A consortium led by Siemens Mobility is developing and testing a secure remote control system with artificial intelligence-based obstacle detection for train operations in rail depots. The project, called RemODtrAIn (Remote operated train with AI based Obstacle Detection), brings together industry partners, operators, and academic institutions to advance digital train operations.
The initiative builds on previous projects such as AutomatedTrain and safe.trAIn, aiming to enhance collaboration with Deutsche Bahn. As part of the project, an ICE 4 train will be equipped with advanced 5G technology to enable remote control from a central operating station within the depot. The goal is to achieve secure and reliable remote-controlled train operations even under varying communication conditions using public 5G networks.
The Federal Ministry for Economic Affairs and Energy supports the project with €17 million through its funding program “DNS der zukunftsfähigen Mobilität. Digital – Nachhaltig – Systemfähig” (DNS of Sustainable Mobility. Digital – Sustainable – System-capable).

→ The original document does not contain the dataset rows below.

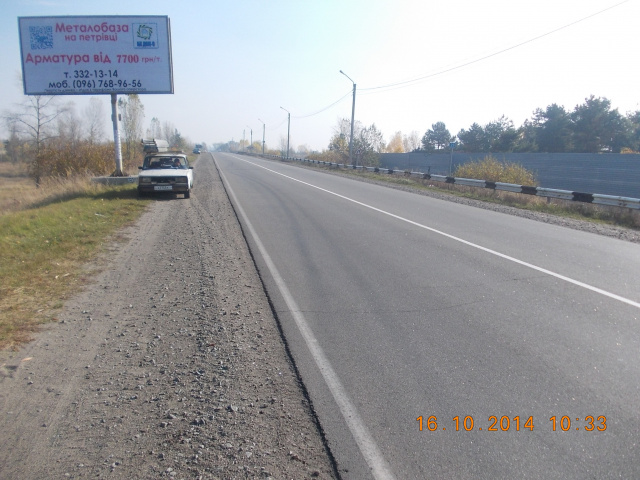 Щит 6x3,  Трасса Киев-Десна, справа, 800м за постом ГАИ, направление из Киева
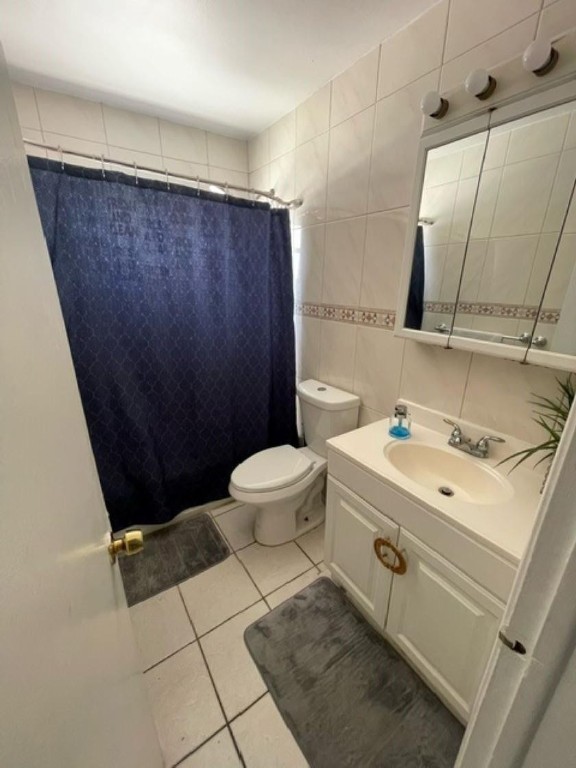 Dania Highlands 2 90-38 B - Residential Income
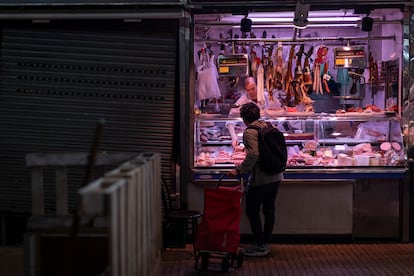 A client is treated in a charcarter of the Montserrat market and its side, a closed stop.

Marc Ludwig, CEO Rail Infrastructure at Siemens Mobility, stated: “With RemODtrAIn, we at Siemens Mobility are advancing automated rail operations. Together with strong partners from industry, research, and the railway industry, we are developing solutions that are not only technologically advanced but also precisely tailored to the current requirements of rail operations. Siemens Mobility is responsible for specification and development of a remote control system, as well as its integration and practical testing. Our goal is to make remote-controlled operations in the depot and premises safe, efficient, and scalable. This is a decisive step towards digitized rail operations.”
Dr. Jasmin Bigdon, Chief Technical Officer at Deutsche Bahn AG added: “With the RemODtrAIn project, Deutsche Bahn is taking an important step towards the remote control and automation of shunting movements. Our goal is to develop a pragmatic solution for remote-controlled train operations by closing specific technological gaps and to consider necessary adjustments in roles, processes, and regulations. The close integration of technical solutions and real-world application on-site is the focus of our actions: DB Fernverkehr AG, as the demand owner, contributes the operational requirements. Part of the testing will take place on the premises of DB RegioNetz Infrastruktur GmbH in the Erzgebirge. DB Systemtechnik GmbH contributes system engineering, architecture, safety and cybersecurity expertise, as well as experience in standardization and approval. With remote control in shunting operations, we aim to increase capacities, make processes more flexible, alleviate staff shortages, and thus achieve tangible operational improvements quickly for customers and our employees.”
RemODtrAIn focuses on improving train availability as well as depot movements using vehicle sensors designed for universal applications across all operating modes. The project aims to address challenges such as driver shortages while pushing forward automation efforts within rail systems.
Key elements include developing requirements for remote-controlled operation; specifying a modular safety-critical architecture; implementing solutions incrementally; plus conducting tests in real operational environments—including retrofitting options for existing trains alongside new models.
Testing will occur at various sites: communications solutions will be trialed using Desiro Classic trains at Smart Rail Connectivity Campus in Annaberg-Buchholz; obstacle detection systems will be evaluated during daily S-Bahn Berlin service; overall vehicle validation is planned for 2028.
The solution’s design anticipates future developments by working closely with mobile network providers while considering satellite communication potential.
Twelve organizations participate in this effort: Siemens Mobility GmbH; Siemens AG; several branches of Deutsche Bahn including DB AG; Mira GmbH; Smart Rail Connectivity Campus e.V.; German Aerospace Center (DLR); Technische Universität Berlin; Technische Universität Chemnitz; Technische Universität München.